Having re-certified come into diving in three different eras--the late sixties, the early eighties and again last year, and like some previous posters, also having some familiarity with such other sports as cycling, as well as such high tech hobbies as astronomy and photography gives me a bit of a perspective on this discussion.

First of all, divers are loaded down with ---likely too---many items of dive equipment Then there is a consistent pressure from certifying agencies, especially PADI, to make more and more equipment complulsory. Where once a reg, pressure guage, depth guage and a compass where pretty well all that was needed, enormously expensive BC's, seldom used auxillary regs, andf countless little doodads to attach and attach to these seem to have become the norm. Diver who seldom venture much below 40 or 50 feet are equipped with redundant guages to back up computers, small knives and flights to back up bigger ones,etc.
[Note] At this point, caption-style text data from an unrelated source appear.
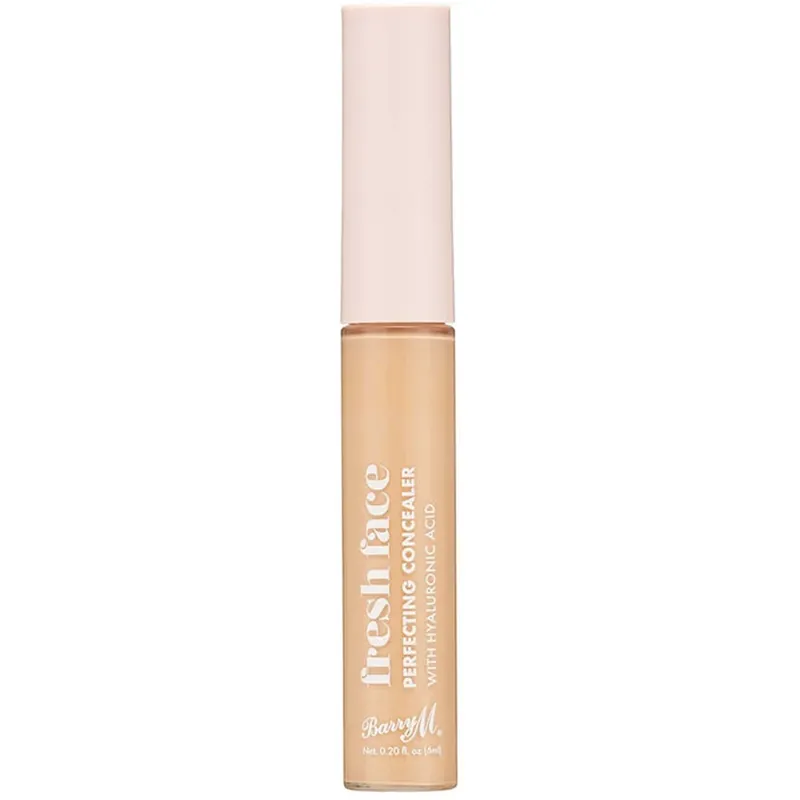 Rajoitettu Tarjous Barry MFresh Face Perfecting Concealer4 7 ml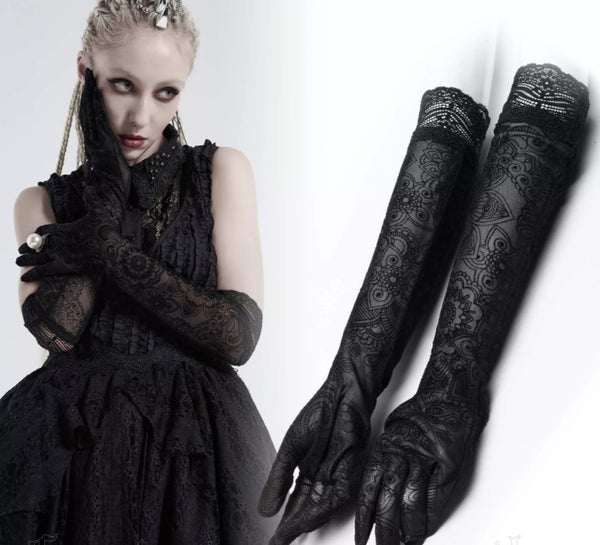 Gloves - Lady MacBeth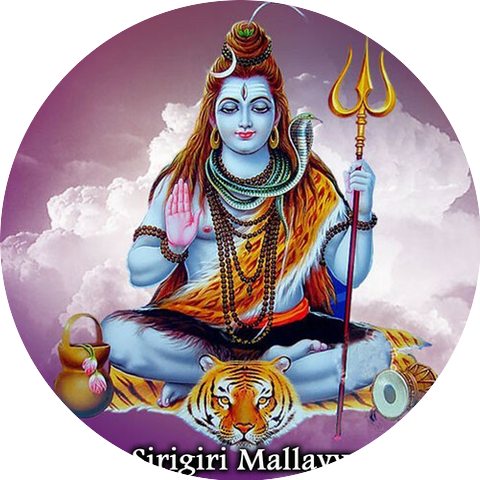 Chandrashekar Lingadalli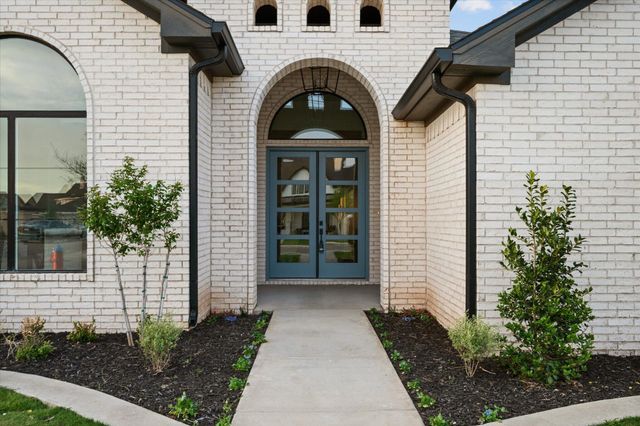 4622 138th Place, Lubbock, TX 79424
This is not to mention safety sausages and other emergency items. Diving, like cycling or astronmy, is becoming a hobby in which one can easily spend the price of a car, simply trying to get merely close to the best of everything.

Yes, there are *possible* safety advantages to having all this equipment... but there are also real disdvantages to having to remember and hang onto it all, and especially to being festooned with so many hoses and straps and clips retractors and bits and pieces to fall out of pockets.

Then there is the squeeze that is produced by the combination of the fact that some, even much of this equipment is overpriced (especially as tagged or listed by the typical LDS) in combination with the indifferent equipment quality of and high rental prices the LDS charges for actual diving (as opposed to course equipment). The chance to get "deals" is real at the LDS, but it is also largely negated by the limited actual selection of actual equipment in stock at most LDS's

Having to equip a family of three (myself and my newly diving wife and daughter really alerted me to this situation. paying hundreds of dollars for mediocre and ill-fitting equipment, it became a choice between giving up diving or buying some decent and safe and comfortable gear. I 've finally managed to obtain new and near new dive computers, apeks and SP regs and BC's, etc, through E-bay and private purchases, plus a large number of smaller items (including Apeks and Air-2 auxillary regs) from Leisurepro for about halfof what the LDS would have charged.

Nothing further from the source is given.